> **Source data**
::::
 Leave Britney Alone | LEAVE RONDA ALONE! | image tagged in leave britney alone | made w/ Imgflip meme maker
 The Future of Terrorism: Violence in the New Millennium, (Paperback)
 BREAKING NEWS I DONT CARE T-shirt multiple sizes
::::
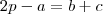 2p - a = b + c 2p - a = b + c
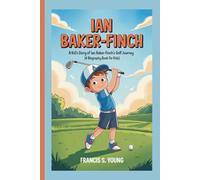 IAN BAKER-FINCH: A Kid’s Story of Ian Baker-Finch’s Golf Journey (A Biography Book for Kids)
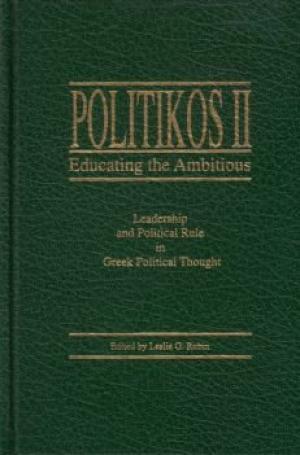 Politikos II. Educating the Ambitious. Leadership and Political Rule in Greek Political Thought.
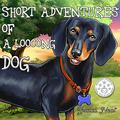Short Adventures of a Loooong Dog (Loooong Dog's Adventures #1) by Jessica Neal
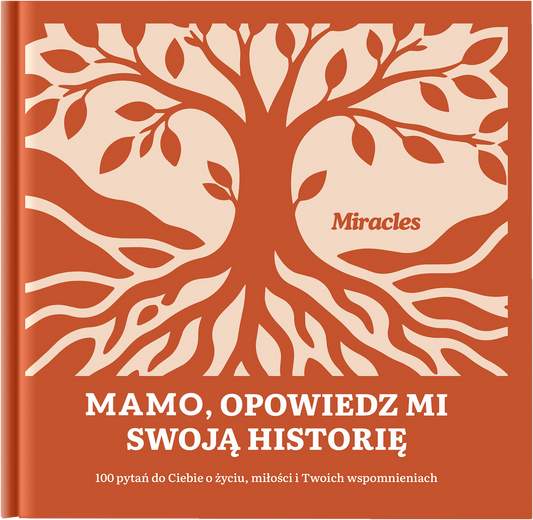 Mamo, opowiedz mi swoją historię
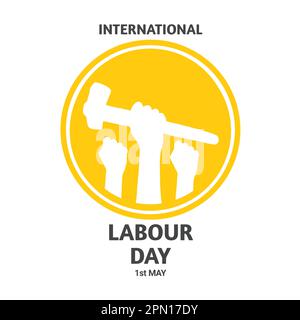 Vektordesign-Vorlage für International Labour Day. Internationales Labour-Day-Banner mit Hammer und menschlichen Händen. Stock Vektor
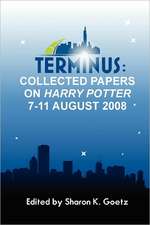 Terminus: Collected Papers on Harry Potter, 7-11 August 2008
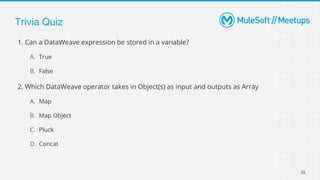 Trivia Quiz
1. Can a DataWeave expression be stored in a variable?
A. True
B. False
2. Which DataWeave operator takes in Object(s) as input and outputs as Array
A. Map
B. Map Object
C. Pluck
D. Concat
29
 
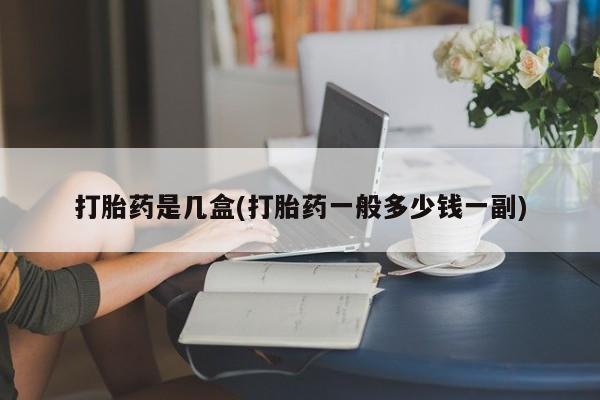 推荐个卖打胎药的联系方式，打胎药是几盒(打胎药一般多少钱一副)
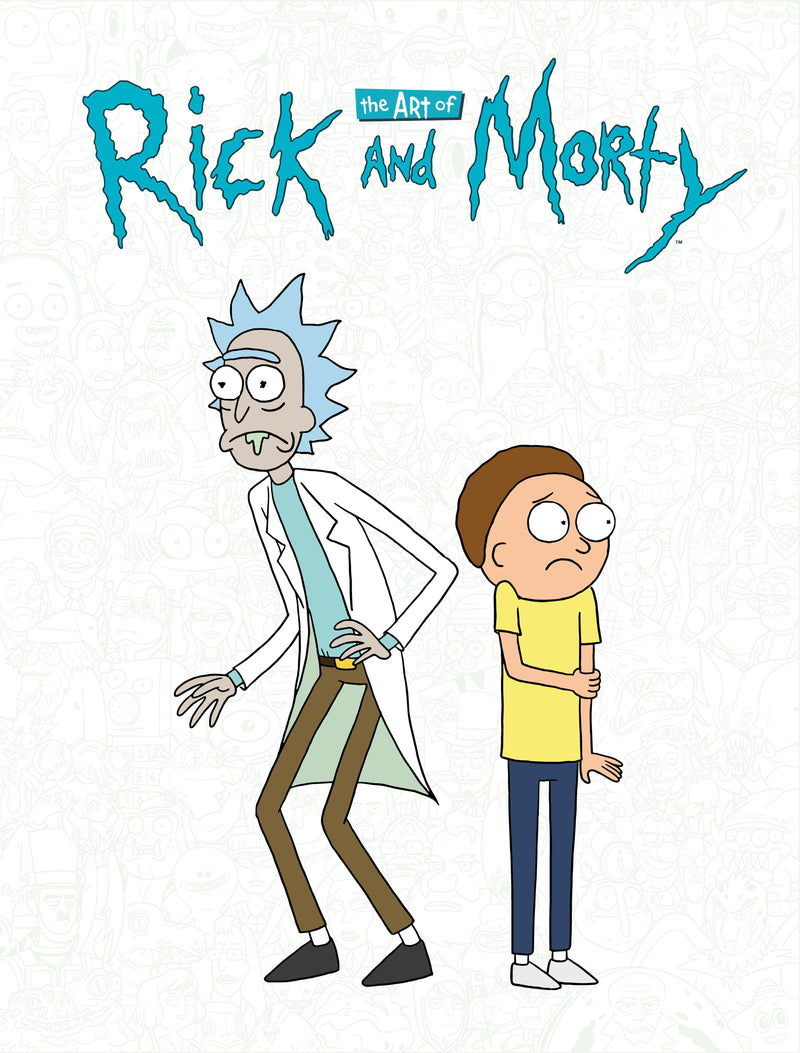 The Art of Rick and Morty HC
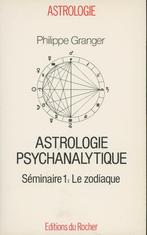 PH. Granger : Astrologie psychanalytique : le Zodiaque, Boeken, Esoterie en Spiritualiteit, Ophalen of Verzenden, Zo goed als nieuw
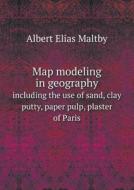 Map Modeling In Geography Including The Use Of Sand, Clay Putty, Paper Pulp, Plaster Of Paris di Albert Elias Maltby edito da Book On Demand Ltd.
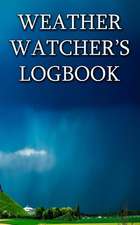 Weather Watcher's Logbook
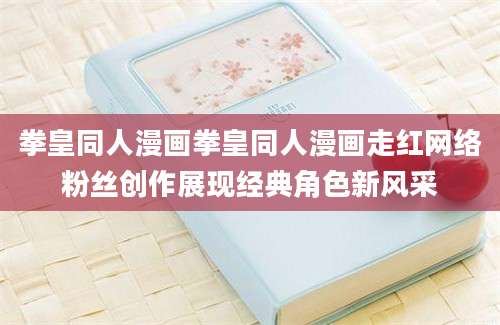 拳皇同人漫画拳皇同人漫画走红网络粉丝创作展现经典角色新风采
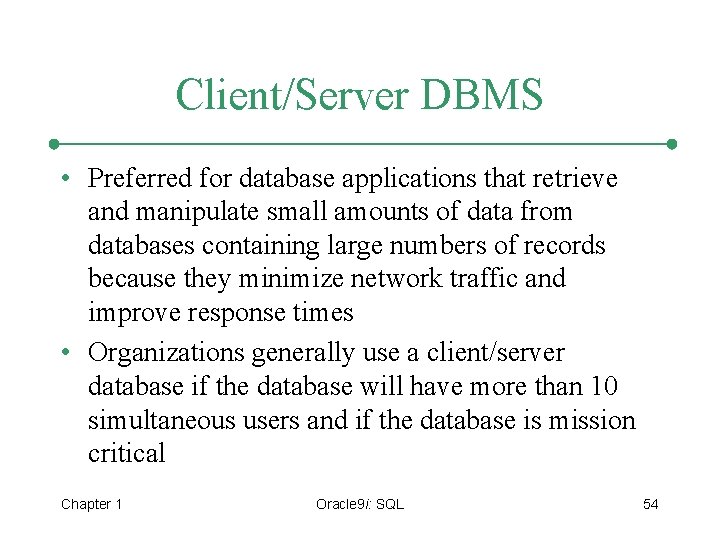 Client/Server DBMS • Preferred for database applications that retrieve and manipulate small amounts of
::::
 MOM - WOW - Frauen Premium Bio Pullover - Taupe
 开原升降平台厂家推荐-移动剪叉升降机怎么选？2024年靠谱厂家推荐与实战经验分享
::::
> **Task description**
What is the number of lines in the data that include "Object"? Respond with that number and no other text.

> **Result below**
2